DATASET SECTION:
* * * * * * *
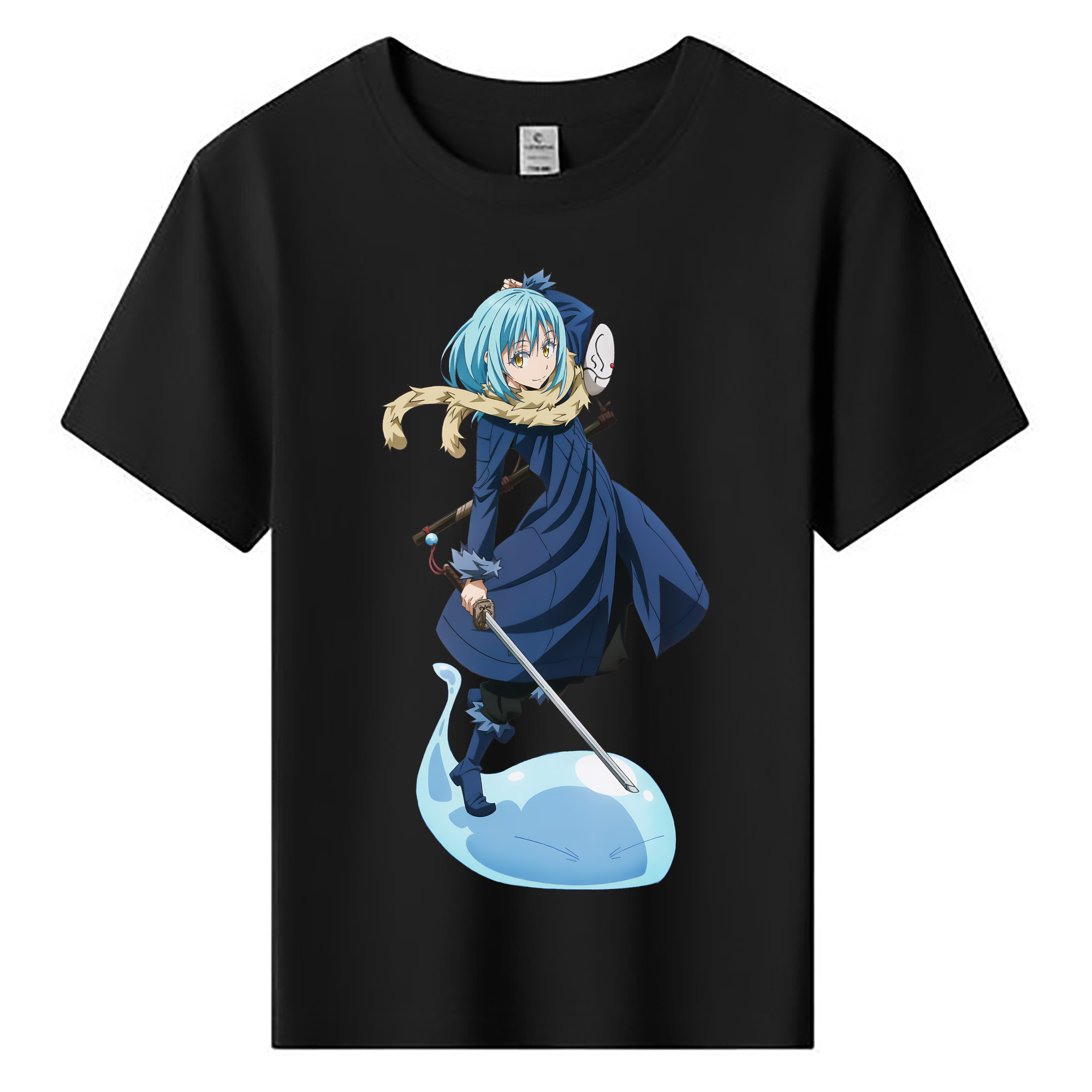 （画像用） 転スラ Regarding Reincarnated to Slime 綿100％キッズTシャツ（フロントプリント）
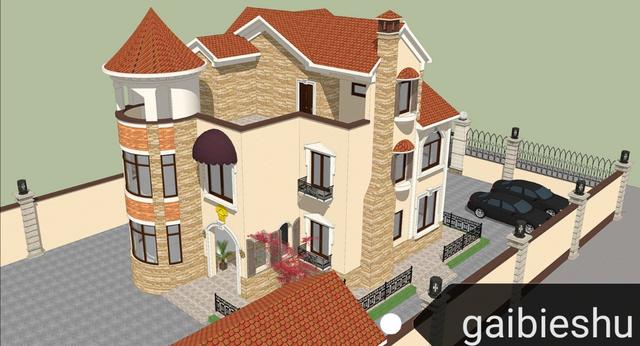 城堡級(jí)三層歐式別墅方案圖，住進(jìn)去你就是國王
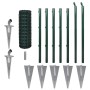 Green steel euro fence set 10x0.8 m by vidaXL, fence panels - Ref: Foro24-140556, Price: 144,17 €, Discount: %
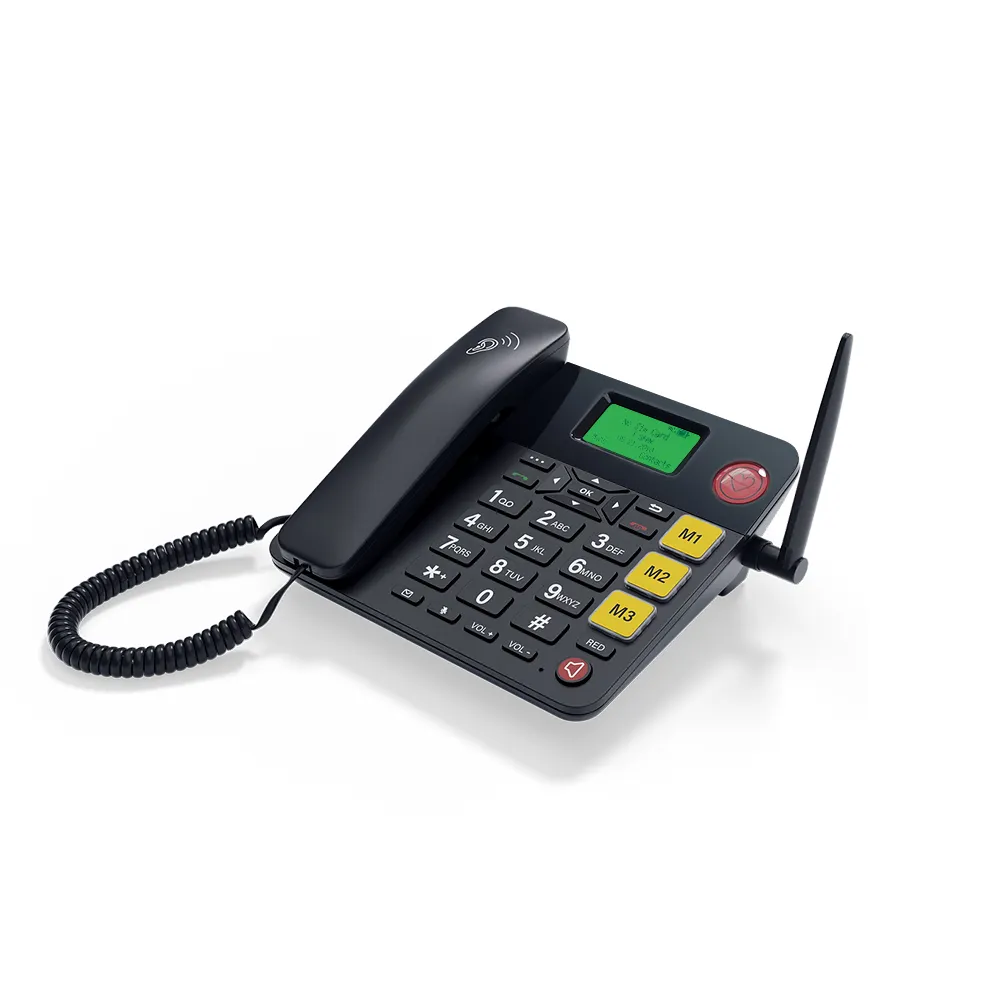 एफएम रेडियो के साथ सबसे सस्ती कीमत वाला जीएसएम फिक्स्ड वायरलेस फोन और सिम कार्ड स्लॉट के साथ डेस्क कॉर्डलेस फोन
* * * * * * *
WHAT IS NEEDED: Reproduce the lines above, exactly and exclusively, from the line containing "城堡級(jí)三層歐式別墅方案圖，住進(jìn)去你就是國王" down to the last line, both included; pictures are not part of the copy.

ANSWER TO THE PROBLEM:
 城堡級(jí)三層歐式別墅方案圖，住進(jìn)去你就是國王
 Green steel euro fence set 10x0.8 m by vidaXL, fence panels - Ref: Foro24-140556, Price: 144,17 €, Discount: %
 एफएम रेडियो के साथ सबसे सस्ती कीमत वाला जीएसएम फिक्स्ड वायरलेस फोन और सिम कार्ड स्लॉट के साथ डेस्क कॉर्डलेस फोन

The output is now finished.